- **What needs to be done**
For this listing, the lines between the one holding "۱۳ سپتامبر ۲۰۲۵ دندنها" and the one holding "Spring Flowers 2020", inclusive, must be set down exactly.

- **Source records**
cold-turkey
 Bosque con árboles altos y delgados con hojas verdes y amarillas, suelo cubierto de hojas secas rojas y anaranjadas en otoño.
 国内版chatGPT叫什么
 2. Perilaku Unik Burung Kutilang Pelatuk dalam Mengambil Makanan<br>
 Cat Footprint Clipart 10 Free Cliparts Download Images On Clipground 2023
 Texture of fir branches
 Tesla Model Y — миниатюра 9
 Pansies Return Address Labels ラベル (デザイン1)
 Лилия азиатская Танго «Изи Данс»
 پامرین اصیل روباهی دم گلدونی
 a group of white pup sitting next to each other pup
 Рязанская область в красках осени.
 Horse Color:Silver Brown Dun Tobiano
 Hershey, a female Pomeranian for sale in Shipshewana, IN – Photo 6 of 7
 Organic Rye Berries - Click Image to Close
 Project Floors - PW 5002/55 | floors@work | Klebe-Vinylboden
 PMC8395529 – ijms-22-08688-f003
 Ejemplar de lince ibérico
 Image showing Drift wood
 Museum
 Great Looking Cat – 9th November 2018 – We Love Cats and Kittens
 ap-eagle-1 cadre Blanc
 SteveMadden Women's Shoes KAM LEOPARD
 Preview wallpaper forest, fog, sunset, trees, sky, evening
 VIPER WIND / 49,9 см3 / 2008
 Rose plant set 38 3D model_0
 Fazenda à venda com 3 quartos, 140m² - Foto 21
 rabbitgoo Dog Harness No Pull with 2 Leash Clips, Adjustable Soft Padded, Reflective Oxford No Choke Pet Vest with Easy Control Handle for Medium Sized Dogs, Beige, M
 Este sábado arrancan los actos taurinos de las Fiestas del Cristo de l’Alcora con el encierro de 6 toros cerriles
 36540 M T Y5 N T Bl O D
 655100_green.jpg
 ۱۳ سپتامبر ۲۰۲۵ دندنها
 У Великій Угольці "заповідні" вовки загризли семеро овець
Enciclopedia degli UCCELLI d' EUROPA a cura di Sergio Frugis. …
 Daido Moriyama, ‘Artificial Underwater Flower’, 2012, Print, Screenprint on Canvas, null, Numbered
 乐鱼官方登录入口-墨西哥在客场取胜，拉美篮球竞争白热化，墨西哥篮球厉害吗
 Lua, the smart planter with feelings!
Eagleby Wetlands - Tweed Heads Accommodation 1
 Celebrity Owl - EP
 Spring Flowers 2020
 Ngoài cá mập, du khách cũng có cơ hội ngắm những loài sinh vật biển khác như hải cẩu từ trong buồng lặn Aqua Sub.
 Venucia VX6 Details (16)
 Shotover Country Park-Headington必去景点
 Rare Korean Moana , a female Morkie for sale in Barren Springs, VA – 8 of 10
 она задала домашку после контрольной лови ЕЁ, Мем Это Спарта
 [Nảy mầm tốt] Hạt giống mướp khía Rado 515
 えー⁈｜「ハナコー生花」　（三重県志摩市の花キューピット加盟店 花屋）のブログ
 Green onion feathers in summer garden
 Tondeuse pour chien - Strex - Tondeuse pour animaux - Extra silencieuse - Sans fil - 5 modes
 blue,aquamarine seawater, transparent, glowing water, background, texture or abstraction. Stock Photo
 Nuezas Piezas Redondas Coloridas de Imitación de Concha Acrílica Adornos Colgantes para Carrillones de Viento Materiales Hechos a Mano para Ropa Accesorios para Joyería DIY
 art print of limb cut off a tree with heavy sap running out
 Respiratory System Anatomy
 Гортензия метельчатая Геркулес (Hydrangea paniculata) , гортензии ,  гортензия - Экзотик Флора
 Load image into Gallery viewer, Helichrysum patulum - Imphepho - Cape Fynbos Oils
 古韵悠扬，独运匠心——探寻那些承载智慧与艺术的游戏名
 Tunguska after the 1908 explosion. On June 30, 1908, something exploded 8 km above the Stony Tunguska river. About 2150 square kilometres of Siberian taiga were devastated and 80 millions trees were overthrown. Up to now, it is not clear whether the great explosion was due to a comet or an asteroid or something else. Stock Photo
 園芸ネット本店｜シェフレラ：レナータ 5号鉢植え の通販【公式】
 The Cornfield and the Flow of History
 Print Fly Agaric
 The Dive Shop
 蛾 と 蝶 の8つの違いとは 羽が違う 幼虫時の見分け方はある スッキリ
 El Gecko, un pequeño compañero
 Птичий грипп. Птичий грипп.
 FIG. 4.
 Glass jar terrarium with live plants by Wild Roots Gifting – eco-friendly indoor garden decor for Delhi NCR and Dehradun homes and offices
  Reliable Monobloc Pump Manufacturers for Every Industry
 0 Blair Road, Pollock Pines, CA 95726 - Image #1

- **Answer to this problem**
 ۱۳ سپتامبر ۲۰۲۵ دندنها
 У Великій Угольці "заповідні" вовки загризли семеро овець
Enciclopedia degli UCCELLI d' EUROPA a cura di Sergio Frugis. …
 Daido Moriyama, ‘Artificial Underwater Flower’, 2012, Print, Screenprint on Canvas, null, Numbered
 乐鱼官方登录入口-墨西哥在客场取胜，拉美篮球竞争白热化，墨西哥篮球厉害吗
 Lua, the smart planter with feelings!
Eagleby Wetlands - Tweed Heads Accommodation 1
 Celebrity Owl - EP
 Spring Flowers 2020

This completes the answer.